Still, a lemon meringue pie seems like something I should know how to make.
Last week I saw a blog from Joy the Baker for her version of a lemon meringue pie Her pie did not look at all like the lemon meringue pies I had become accustomed to seeing. The meringue did not rise three times as high as the pie. It hovered a few inches above the pie. And it glistened. The shiny peaks, lightly browned, looked more like marshmallow fluff then a cloud of egg whites. It looked…familiar.
I decided to try it, with some changes.
Rick loves, loves, loves Key Lime Pie so my pie was going to be a lime meringue pie.
Start with a sweet shortcrust pie dough.
(It’s easiest to do this the day before.)
Most recipes call for a Pate Brisee, a sweet shortcrust pastry, almost like a cookie. I wanted a crust that would be delicious by itself, so I add some lime zest, ginger and a touch of almond extract.
Cream the butter and sugar, then add the egg white and finally the flour. Mix it until it comes together in a ball, leaving the sides of the mixer bowl clean.
Flatten it into a disk and refrigerate it for an hour or more. (Up to three days if you like!)
When you are ready to bake it, lightly dust a sheet of parchment paper with powdered sugar. Place the disk of dough on it and dust it lightly with a bit more powdered sugar. Using the sugar instead of extra flour means you aren’t adding any extra raw gluten to your dough, helping you to achieve a tender cookie or crust.
Lift the dough on the parchment paper and invert it over into the tart pan. Use your fingers to pat it down evenly in the pan and up the sides. Cover and refrigerate for at least an hour, even better overnight.
When you are ready, line the tart crust with parchment paper and weight it down.
Bake for 20 minutes then remove the weights and paper, brush with beaten egg white and bake for ten minutes more, until it is lightly browned and cooked.
You can stop here and continue tomorrow or let it cool while you make the filling.
Make a lime curd filling.
Before you start, have ready the baked pie crust, an instant read thermometer and a fine mesh strainer.
Zest three limes and juice three limes. Add enough lime juice to the fresh juice to make one cup.

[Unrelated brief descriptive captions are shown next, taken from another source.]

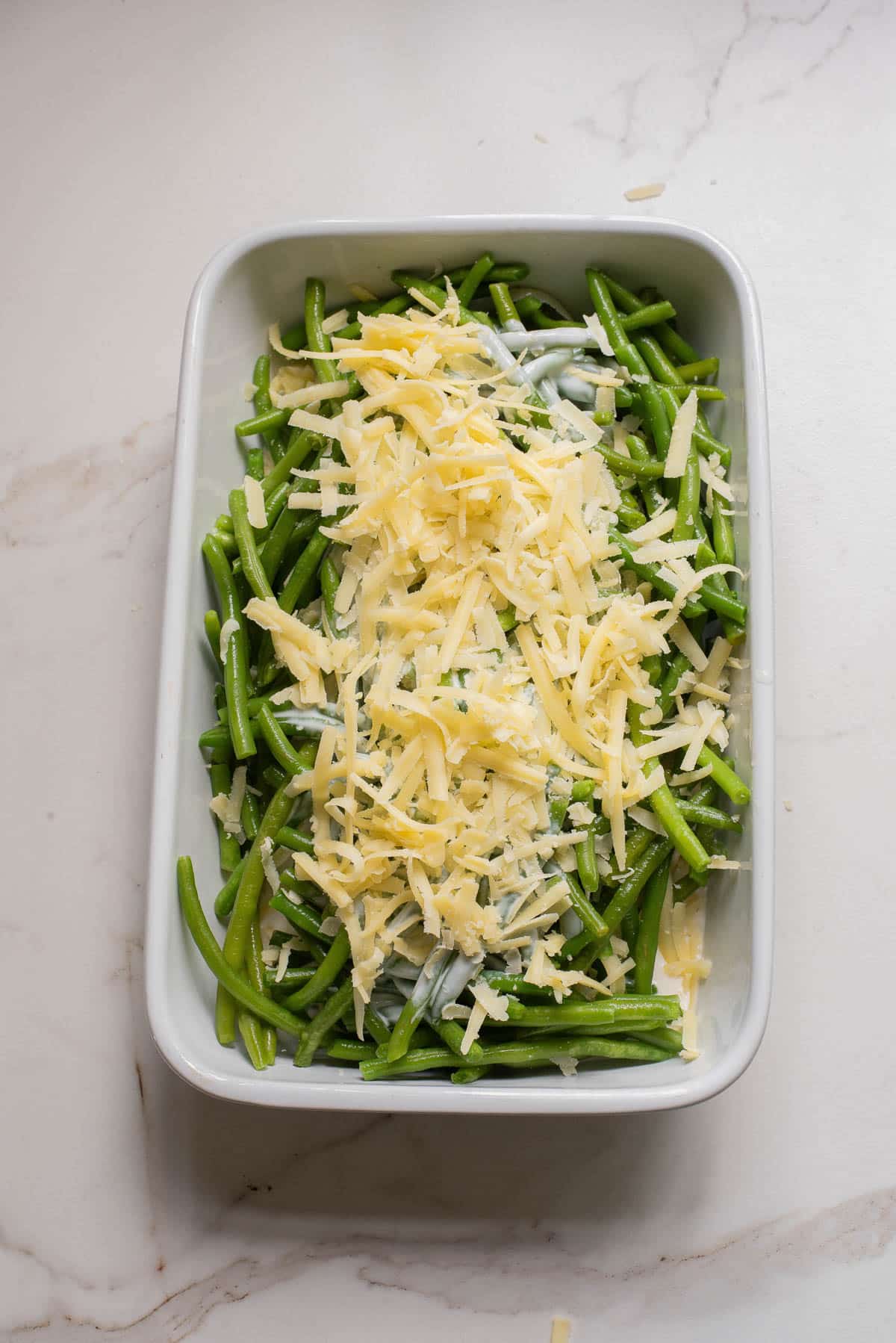 Green beans in white baking dish with cream and cheeses.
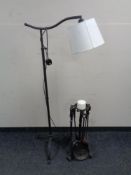 A contemporary metal floor lamp on tripod support together with a wrought iron companion set/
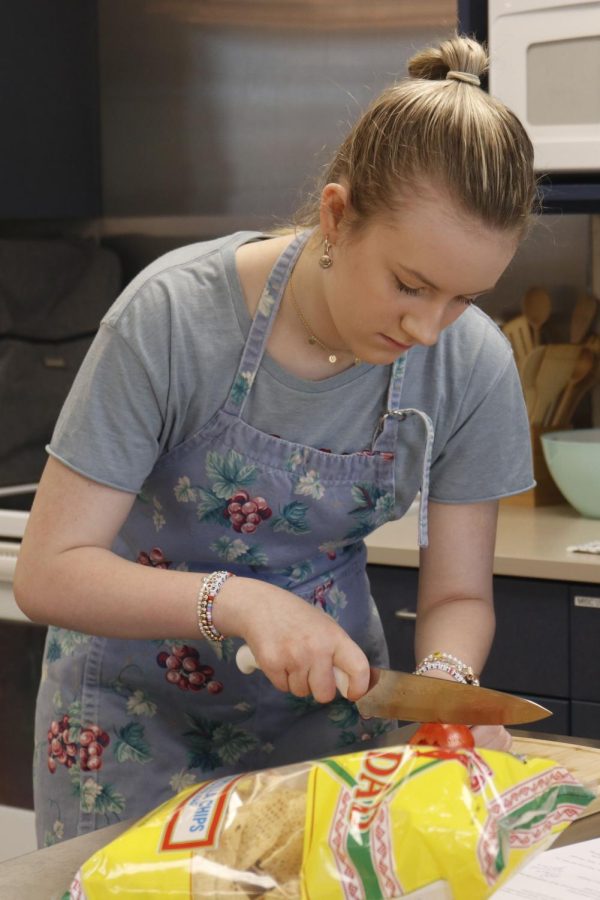 Focused on her next slice, senior Ava Cash cuts into the tomato. 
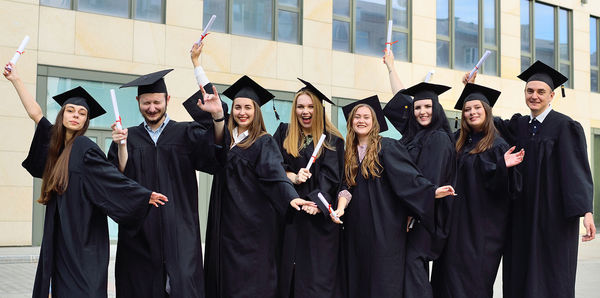 Cheerful friends wearing graduation gown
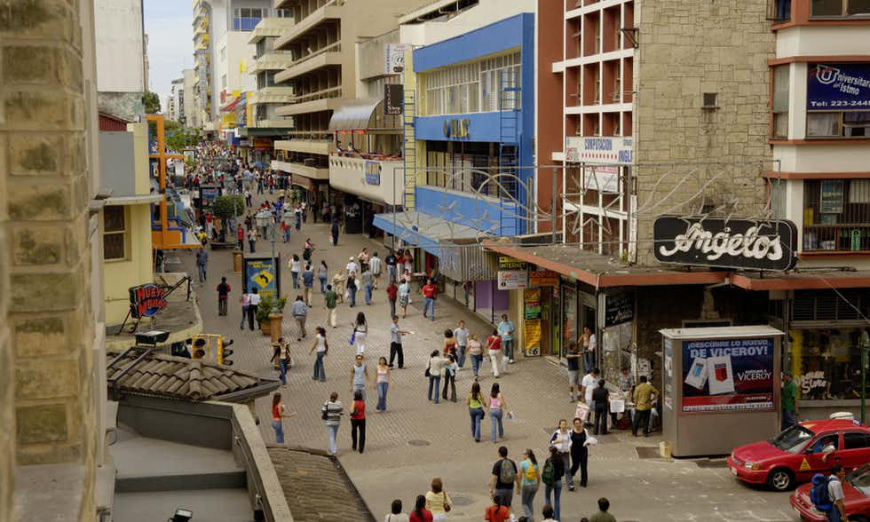 Is It Safe to Travel in Costa Rica Image: People and vehicles roam around San José's busy downtown.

Put the lime juice, zest, sugar, and eggs into a medium sauce pan and whisk it together until it is smooth. Add the cubed butter and put the pan over medium heat. Stir it constantly as the butter melts.
Keep stirring until it thickens (around 160-165 degrees).
Immediately pass the curd through the sieve into the pie crust. Do not skip this step. You will be surprised at how many solids are left in the sieve.
Spread the curd evenly in the crust and bake it for five minutes. Remove from the oven and cool. It will thicken more as it does so.
Once the pie has cooled,
Make the meringue.
Put everything in the top of a double boiler.
If you are like me and didn’t realize you were out of cream of tartar (or if you never had cream of tarter to begin with) you can substitute a ½ teaspoon of lemon juice. Cream of tartar helps stabilize the eggs whites, making your meringue last long.
Set the bowl over simmering water and whisk the mixture together until the sugar has melted and it reaches 160 degrees.
Immediately pour it into the bowl of your stand mixer and whisk on high for up five minutes until it is thick and holds a peak.
You can pipe the meringue onto the pie or drop it in large spoonfuls over the curd.
Brown the meringue for ten minutes under a broiler or use a small blow torch to toast the peaks of meringue.
LIME TART WITH SWISS MERINGUE
For the pastry
- ½ c butter room temperature
- ¼ c sugar
- Zest of one lime
- 1 tsp ground ginger
- 2 egg whites separated
- 1 tbsp water
- ¼ tsp almond extract
- 1 ½ c flour
- ½ tsp salt
- ¼ tsp baking powder
- Powdered sugar for rolling dough
For the lime curd
- 4 limes
- ¾ to 1 c lime juice
- ¾ c sugar
- ¼ tsp salt
- ¾ c butter diced
- 4 eggs
- 4 egg yolks
For the meringue
- 4 egg whites
- ½ tsp cream of tarter
- 1 c sugar
- Pinch of salt
- 2 tsp vanilla extract
Make the Pastry
- Cream together the butter, sugar, lime zest and ginger for 5 minutes in the bowl of a stand mixer on high.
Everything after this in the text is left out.